Print, exactly as they stand, the lines below from the one that has "HEITRONIC Paneelarmatuur SELESTO" to the one that has "Festa de aniversário com tema de videogames", inclusive, leaving out the pictures.

▶ Available data

__________

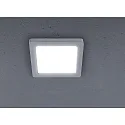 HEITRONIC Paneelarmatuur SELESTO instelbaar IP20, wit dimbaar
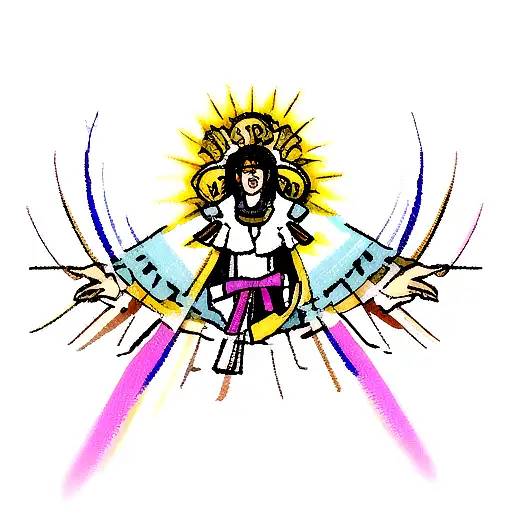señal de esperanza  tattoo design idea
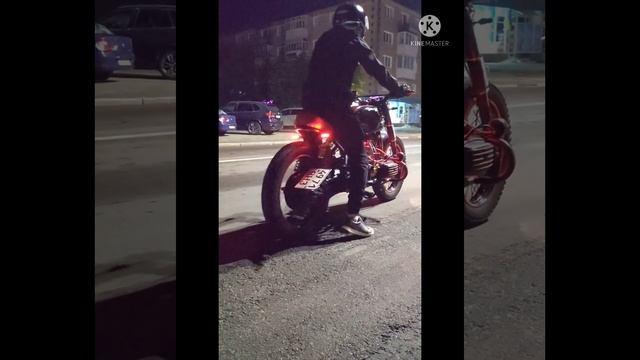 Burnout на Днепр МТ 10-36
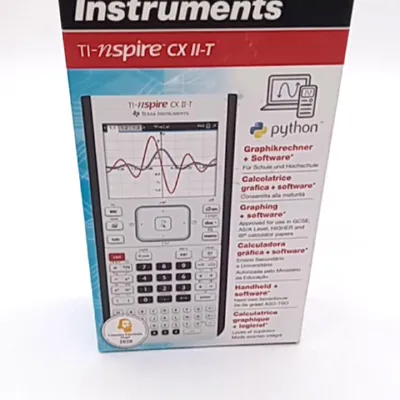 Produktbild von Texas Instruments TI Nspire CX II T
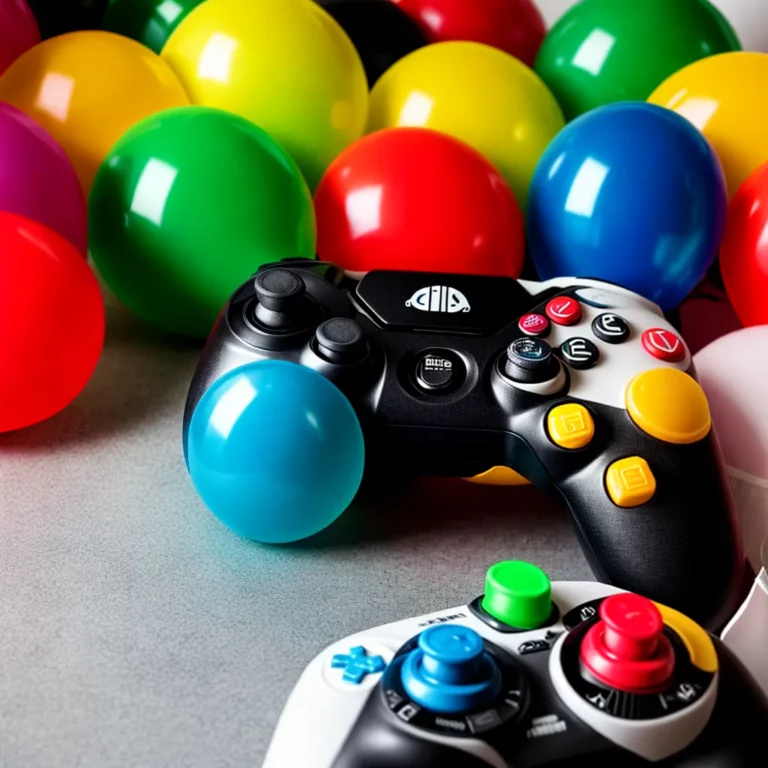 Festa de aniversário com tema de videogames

__________

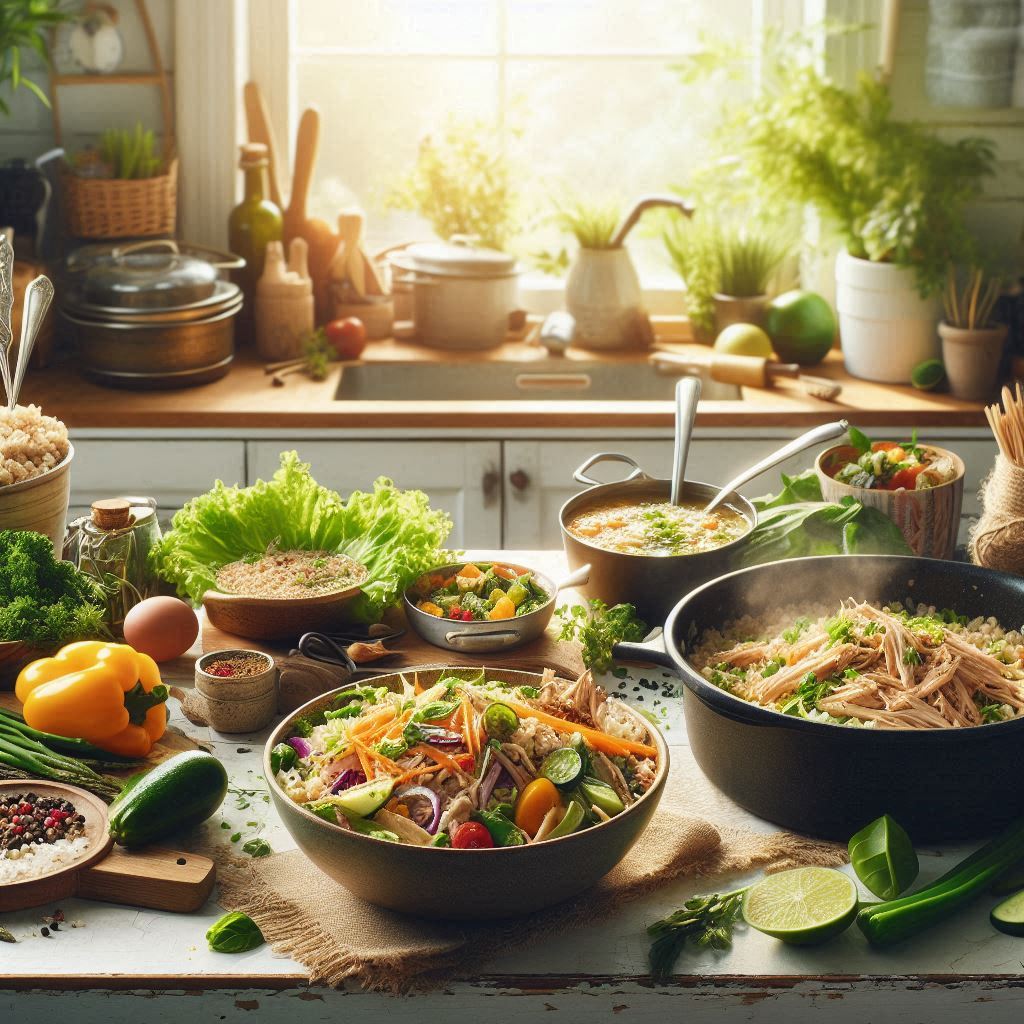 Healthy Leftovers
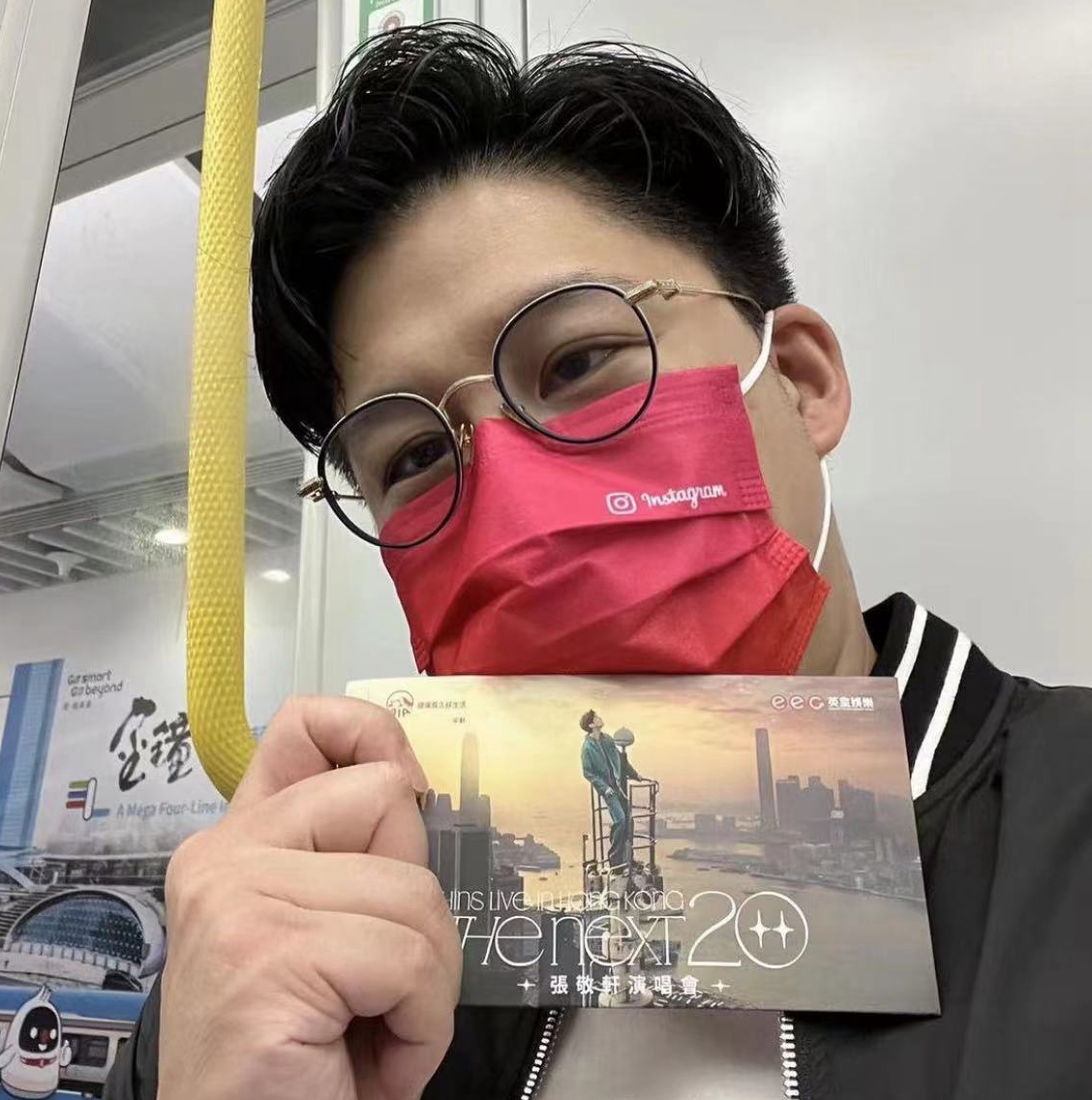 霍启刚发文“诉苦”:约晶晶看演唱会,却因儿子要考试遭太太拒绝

__________

▶ Result of the exercise
 HEITRONIC Paneelarmatuur SELESTO instelbaar IP20, wit dimbaar
señal de esperanza  tattoo design idea
 Burnout на Днепр МТ 10-36
 Produktbild von Texas Instruments TI Nspire CX II T
 Festa de aniversário com tema de videogames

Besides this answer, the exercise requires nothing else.